Government has been given the go-ahead to arrange a US$52.5million loan from the International Fund for Agricultural Development (IFAD) to finance the Promoting Rural Opportunities, Sustainable Profits and Environmental Resilience (PROSPER) project.
The amount, made up of a blended loan of US$35.1million and a concessional loan of US$17.3 million, forms about 35.7 percent of the entire project cost estimated at US$147.20million.
It is understood that IFAD has committed an additional US$22.7million in funding under IFAD 12 to support the project’s implementation. The country’s ability to access this amount is expected to be triggered by performance of the initial amount – US$52.5million.
The project’s commencement and performance will also trigger commitment from other development partners including Green Climate Funds (GCF) – in the region of US$25.4million.
Meanwhile, government is expected to provide a counterpart funding amount of US$22.7million – with the remaining US$23.9million expected to come from participating financial institutions, the private sector and beneficiaries.
The PROSPER project is designed to complement ongoing interventions in the agricultural sector: such as Planting for Food and Jobs (PFJ) – with a concentration on smallholder farmers, Ghana Agricultural Sector Investment Programme (GASIP), Savannah Zone Agricultural Productivity Improvement Project (SAPIP) and the Savannah Investment Programme (SIP) initiatives, among others.

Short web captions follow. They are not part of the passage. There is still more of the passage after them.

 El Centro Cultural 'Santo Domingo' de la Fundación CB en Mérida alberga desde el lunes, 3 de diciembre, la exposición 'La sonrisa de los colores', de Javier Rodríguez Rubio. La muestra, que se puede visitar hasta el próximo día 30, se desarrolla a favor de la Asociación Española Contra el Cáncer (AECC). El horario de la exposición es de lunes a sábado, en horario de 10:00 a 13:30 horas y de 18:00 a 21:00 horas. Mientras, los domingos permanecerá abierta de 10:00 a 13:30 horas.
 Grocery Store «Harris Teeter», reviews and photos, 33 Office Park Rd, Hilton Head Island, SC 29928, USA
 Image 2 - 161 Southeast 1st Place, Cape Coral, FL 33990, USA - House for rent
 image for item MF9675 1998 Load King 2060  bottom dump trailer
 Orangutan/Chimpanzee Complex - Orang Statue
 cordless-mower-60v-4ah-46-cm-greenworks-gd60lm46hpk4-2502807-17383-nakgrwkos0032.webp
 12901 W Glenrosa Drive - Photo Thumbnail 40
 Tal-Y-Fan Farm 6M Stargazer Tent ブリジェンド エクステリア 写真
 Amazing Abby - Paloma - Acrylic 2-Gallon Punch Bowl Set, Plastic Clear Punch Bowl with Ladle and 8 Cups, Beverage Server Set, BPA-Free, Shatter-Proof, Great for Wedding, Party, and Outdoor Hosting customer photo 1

This comes as a great relief, dsince the sector continues to experience some critical challenges, which if left unaddressed could constrain progress and derail efforts and investments made under existing interventions.
The project specifically aims to strengthen the integration, climate resilience and environmental sustainability of smallholder farmers and businesses in priority value chains of the northern and middle ecological belts, taking advantage of the increased demand created by the national agro-processing strategy.
It will concentrate on two mutually supportive technical components: increasing the real demand for sustainably grown produce by a significant number of people living in poor rural communities; and enhancing their capacity to meet this demand through efficient climate-resilient agricultural and natural resource management practices to mitigate the negative impact of climate change.
The overall intended outcomes are to increase incomes, improve food and nutrition security and improve the health status of beneficiary communities.
The Ministry of Food and Agriculture will be the lead project implementation agency and is expected to work closely with the Ministry of Finance; Ministry of Local Government, Decentralization and Rural Development; and Ministry of Trade and Industry.
The PROSPER project’s execution is designed to rely on a mix of community, public and private sectors as well as technical service providers.
The intervention will cover a total eight regions of the country; including Northern, Savannah, Bono East, Upper East, Bono, Upper West, Oti and North East.
The Finance Committee of parliament, in their report leading to the approval of the facility, however lamented the finance ministry’s inability to secure required additional financing to ensure attainment of project objectives for the desired outcome.
To this end, the committee highlighted potential risks of commencing the project with US$52.5million without a firm commitment from other funding partners.
But according to MoFA, the initial amount is sufficient to achieve the project outcomes in three regions – the Northern, Savannah and North East Regions. It is understood that implementation of the project will be concentrated in these regions, after which it will be extended to other regions when additional funding is available.
Among other things, the committee entreated the Ministry of Finance to ensure that a sufficient proportion of the funds are committed to the project’s core objective. Additionally, where there is a need to engage consultants, conscious efforts should be made to give opportunity for local consultants to help build their capacities and sustain gains made in the project implementation.
Parliament is hopeful that the programme’s implementation will improve primary agriculture delivery and strengthen the country’s agricultural sector- making it robust enough to withstand climate challenges.